Vítor Ferreira
Diretor Executivo da D. Dinis, Business School
Uma análise recente da senadora Norte-Americana Elizabeth Warren mostrava que os salários de 90% dos menos ricos (ou dos mais pobres) da população ativa americana desceram de 1980 a 2012. Ela argumenta que a desregulação foi uma das causas por de trás deste facto, acompanhada pelo desinvestimento em infraestruturas, educação e I&D (este facto é tão mais grave quando percebemos que de 1935 a 1980 foram estes 90% que beneficiaram de 70% dos aumentos salariais no país).
Este reconhecimento do aumento da desigualdade não é novo e muitos economistas como Thomas Piketty (apesar de largamente atacados, mas pouco cientificamente contrariados) têm chamado a atenção para este fenómeno. Não sou adepto das explicações simplistas que atribuem ao modelo neoliberal a culpa deste fenómeno, já que a globalização (com a deslocação de capital financeiro e humano) e o progresso tecnológico (que originou empresas com pessoas muito qualificadas e uma horda de trabalhadores menos qualificados cujo valor de mercado desceu) também têm causado esta flutuação, mas não gosto do pensamento único, nem acredito que o atual modelo de capitalismo vendido pelos media e imposto pelas instituições nos conduza para um futuro risonho (como já vimos nestas crónicas, os mercados são a mais perfeita das soluções, exceto quando não funcionam, não incorporando expectativas de longo prazo, externalidades negativas ligadas ao impacto social e ambiental ou outros problemas de sinalização). Esta não é uma aceção ideológica, mas uma pura e cristalina constatação de que a Esquerda (presa às lutas do passado, sem consciência do desafio tecnológico) e a Direita (agarrada a modelos incompletos, com falhas e implicações negativas de longo-prazo) não estão equipadas para lidar com os desafios deste século.

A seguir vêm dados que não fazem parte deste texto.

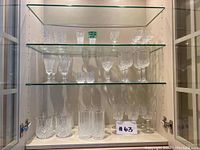 Full cabinet view of 16 assorted crystal glasses showcasing various sizes and patterns on three shelves.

Ainda mais curioso é perceber que Portugal enfrenta os mesmos desafios que o resto do mundo, quando ao mesmo tempo acabou de perder 15 anos. E se a desigualdade em Portugal parece não se ter agravado tanto como nos EUA, a verdade é que os salários médios recuaram mais de uma década (esse efeito é menos notório porque o mundo moderno nos permitiu usufruir de desinflação tecnológica e uma TV ou um litro de leite são produzidos a custos efetivamente mais baixos do que há 15 anos). São apenas notas soltas, enquanto esperamos por mais soluções governativas do passado, quer à esquerda, quer à direita.